Reliably split user-submitted textarea value on newlines - php

The string input comes from textarea where users are supposed to enter every single item on a new line.
When processing the form, it is easy to explode the textarea input into an array of single items like this:
$arr = explode("\n", $textareaInput);
It works fine but I am worried about it not working correctly in different systems (I can currently only test in Windows). I know newlines are represented as \r\n or as just \r across different platforms. Will the above line of code also work correctly under Linux, Solaris, BSD or other OS?

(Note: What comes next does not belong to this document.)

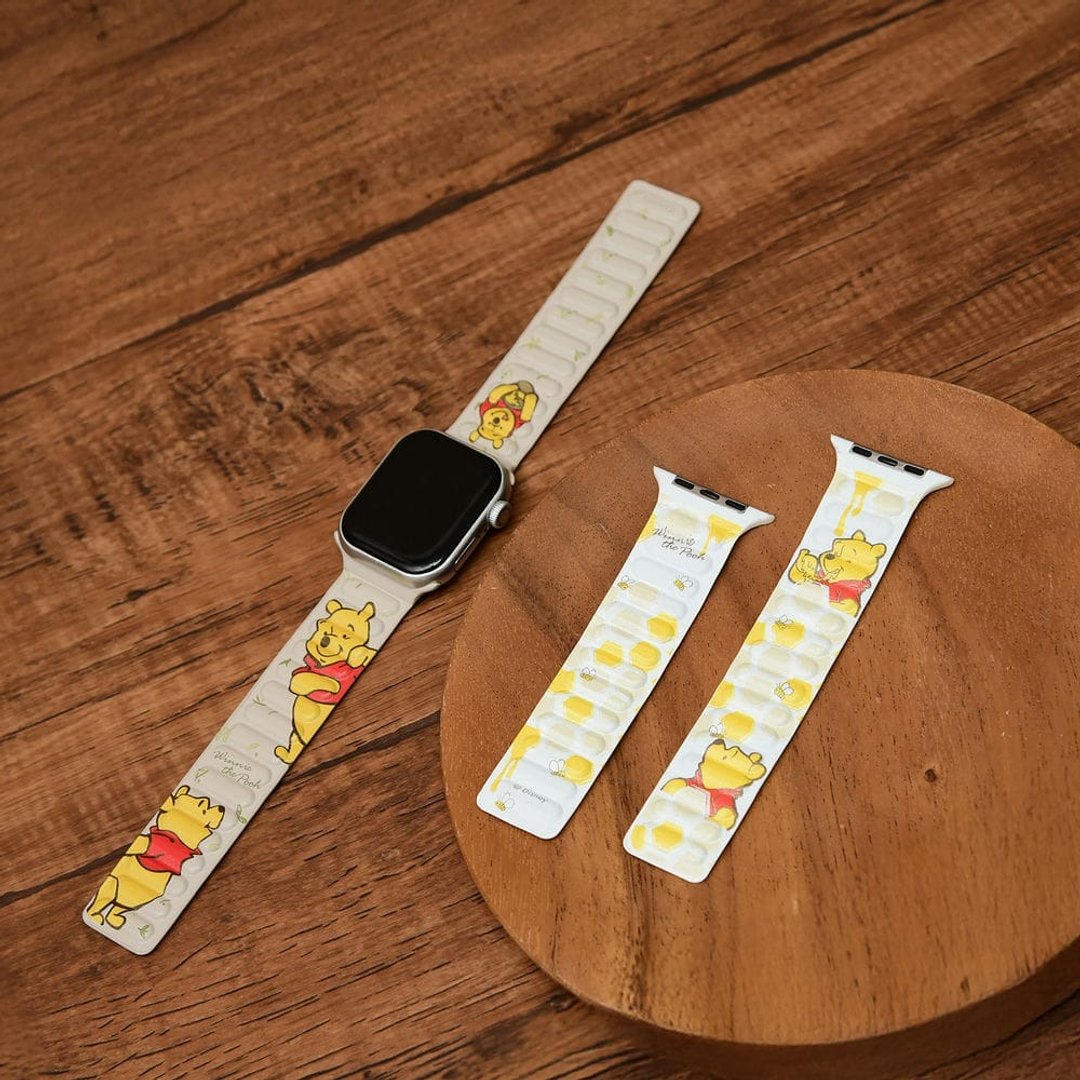 【新品上架】小熊维尼系列for Apple Watch 磁吸表带(两款任选) - 表带 - 其他材质 橘色
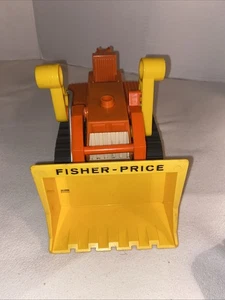 Vintage 1979 Fisher-Price Husky Helfer Planierraupe Lader Planierraupe #329 Des lesen - Bild 1 von 9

You can use preg_split to do that.
$arr = preg_split('/[\r\n]+/', $textareaInput);
It splits it on any combination of the \r or \n characters. You can also use \s to include any white-space char.
Edit
It occurred to me, that while the previous code works fine, it also removes empty lines. If you want to preserve the empty lines, you may want to try this instead:
$arr = preg_split('/(\r\n|[\r\n])/', $textareaInput);
It basically starts by looking for the Windows version \r\n, and if that fails it looks for either the old Mac version \r or the Unix version \n.
For example:
<?php
$text = "Windows\r\n\r\nMac\r\rUnix\n\nDone!";
$arr = preg_split('/(\r\n|[\r\n])/', $text);
print_r($arr);
?>
Prints:
Array
(
[0] => Windows
[1] =>
[2] => Mac
[3] =>
[4] => Unix
[5] =>
[6] => Done!
)

'\r' by itself as a line terminator is an old convention that's not really used anymore (not since OSX which is Unix based).
Your explode will be fine. Just trim off the '\r' in each resulting element for the Windows users.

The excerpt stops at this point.